* What to work on *
Lines from the records below that contain the word "Black" are to be copied out.
[[ Dataset content, beginning ]]
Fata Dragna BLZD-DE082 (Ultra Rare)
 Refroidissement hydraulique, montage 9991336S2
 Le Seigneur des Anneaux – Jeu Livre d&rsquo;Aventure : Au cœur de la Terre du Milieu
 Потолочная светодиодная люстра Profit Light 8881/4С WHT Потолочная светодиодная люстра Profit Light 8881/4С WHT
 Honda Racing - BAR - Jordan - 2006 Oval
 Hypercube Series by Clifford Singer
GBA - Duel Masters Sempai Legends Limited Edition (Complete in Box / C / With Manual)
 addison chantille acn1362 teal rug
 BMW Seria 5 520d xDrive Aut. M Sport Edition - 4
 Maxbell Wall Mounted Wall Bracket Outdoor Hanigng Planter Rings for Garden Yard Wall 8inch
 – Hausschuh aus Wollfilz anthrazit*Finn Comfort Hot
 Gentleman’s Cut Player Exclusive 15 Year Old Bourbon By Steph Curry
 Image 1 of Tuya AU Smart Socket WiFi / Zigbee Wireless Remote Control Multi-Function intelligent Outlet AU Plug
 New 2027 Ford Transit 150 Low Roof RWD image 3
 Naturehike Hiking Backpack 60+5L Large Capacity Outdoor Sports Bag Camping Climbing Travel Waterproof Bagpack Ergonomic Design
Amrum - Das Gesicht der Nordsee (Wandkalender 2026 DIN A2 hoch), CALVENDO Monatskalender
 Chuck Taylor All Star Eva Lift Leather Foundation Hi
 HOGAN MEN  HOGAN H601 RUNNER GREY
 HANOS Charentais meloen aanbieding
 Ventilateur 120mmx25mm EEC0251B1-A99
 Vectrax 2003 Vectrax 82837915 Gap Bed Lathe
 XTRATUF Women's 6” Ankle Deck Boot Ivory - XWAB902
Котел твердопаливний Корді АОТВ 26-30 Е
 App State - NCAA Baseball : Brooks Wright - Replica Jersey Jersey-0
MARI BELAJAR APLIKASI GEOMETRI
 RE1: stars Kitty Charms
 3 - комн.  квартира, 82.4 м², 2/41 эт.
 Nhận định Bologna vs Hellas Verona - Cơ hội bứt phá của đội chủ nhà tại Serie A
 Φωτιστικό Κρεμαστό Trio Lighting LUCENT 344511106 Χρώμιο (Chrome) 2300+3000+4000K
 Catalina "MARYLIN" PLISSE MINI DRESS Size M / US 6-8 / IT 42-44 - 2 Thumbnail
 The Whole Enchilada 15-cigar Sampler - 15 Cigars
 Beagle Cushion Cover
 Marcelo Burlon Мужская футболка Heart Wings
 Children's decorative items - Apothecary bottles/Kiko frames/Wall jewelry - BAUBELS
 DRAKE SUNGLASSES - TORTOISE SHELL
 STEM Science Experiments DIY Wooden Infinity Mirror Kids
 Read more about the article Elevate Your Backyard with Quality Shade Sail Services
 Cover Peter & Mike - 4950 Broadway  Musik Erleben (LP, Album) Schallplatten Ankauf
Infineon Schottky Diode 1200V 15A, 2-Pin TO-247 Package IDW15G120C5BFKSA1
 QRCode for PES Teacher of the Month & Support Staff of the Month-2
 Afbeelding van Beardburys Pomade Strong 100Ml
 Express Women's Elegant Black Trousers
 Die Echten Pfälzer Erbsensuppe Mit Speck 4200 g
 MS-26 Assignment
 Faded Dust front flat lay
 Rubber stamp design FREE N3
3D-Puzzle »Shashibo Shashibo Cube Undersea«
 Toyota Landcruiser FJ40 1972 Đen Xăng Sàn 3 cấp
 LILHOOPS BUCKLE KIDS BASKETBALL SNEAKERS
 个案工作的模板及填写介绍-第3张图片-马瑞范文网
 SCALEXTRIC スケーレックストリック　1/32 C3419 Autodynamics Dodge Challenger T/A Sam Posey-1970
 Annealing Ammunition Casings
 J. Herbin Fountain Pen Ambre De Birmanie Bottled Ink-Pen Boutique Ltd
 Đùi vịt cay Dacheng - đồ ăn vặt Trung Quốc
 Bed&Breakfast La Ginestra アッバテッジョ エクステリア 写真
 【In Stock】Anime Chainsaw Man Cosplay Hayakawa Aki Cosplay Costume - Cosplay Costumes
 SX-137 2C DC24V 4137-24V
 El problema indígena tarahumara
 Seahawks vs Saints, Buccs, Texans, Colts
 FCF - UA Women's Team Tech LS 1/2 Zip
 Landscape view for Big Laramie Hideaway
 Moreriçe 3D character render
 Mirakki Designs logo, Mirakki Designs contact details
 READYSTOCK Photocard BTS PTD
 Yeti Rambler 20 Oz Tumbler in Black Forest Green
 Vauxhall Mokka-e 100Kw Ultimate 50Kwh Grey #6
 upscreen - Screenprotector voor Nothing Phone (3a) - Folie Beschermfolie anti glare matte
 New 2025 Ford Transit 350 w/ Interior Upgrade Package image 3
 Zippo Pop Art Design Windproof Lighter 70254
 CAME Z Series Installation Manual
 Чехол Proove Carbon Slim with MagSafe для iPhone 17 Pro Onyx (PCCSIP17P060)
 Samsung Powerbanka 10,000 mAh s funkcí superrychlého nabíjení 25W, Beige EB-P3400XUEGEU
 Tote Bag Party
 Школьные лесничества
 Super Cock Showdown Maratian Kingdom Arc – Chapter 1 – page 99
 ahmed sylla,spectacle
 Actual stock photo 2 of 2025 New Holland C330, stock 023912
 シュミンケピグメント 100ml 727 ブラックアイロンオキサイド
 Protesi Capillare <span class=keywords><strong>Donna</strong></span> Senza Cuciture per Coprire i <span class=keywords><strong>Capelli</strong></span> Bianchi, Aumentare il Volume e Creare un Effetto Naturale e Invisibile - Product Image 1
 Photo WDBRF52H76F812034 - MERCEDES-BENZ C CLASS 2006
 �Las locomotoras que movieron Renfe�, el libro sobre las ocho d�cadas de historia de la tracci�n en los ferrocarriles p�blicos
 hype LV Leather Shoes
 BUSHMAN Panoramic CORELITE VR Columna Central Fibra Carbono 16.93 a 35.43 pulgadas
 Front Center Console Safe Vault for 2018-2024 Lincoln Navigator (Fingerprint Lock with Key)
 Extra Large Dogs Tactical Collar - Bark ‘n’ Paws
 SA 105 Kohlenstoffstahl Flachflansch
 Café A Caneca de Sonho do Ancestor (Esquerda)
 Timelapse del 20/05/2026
[[ Dataset content, end ]]
* Reply to the exercise *
 Express Women's Elegant Black Trousers
 Yeti Rambler 20 Oz Tumbler in Black Forest Green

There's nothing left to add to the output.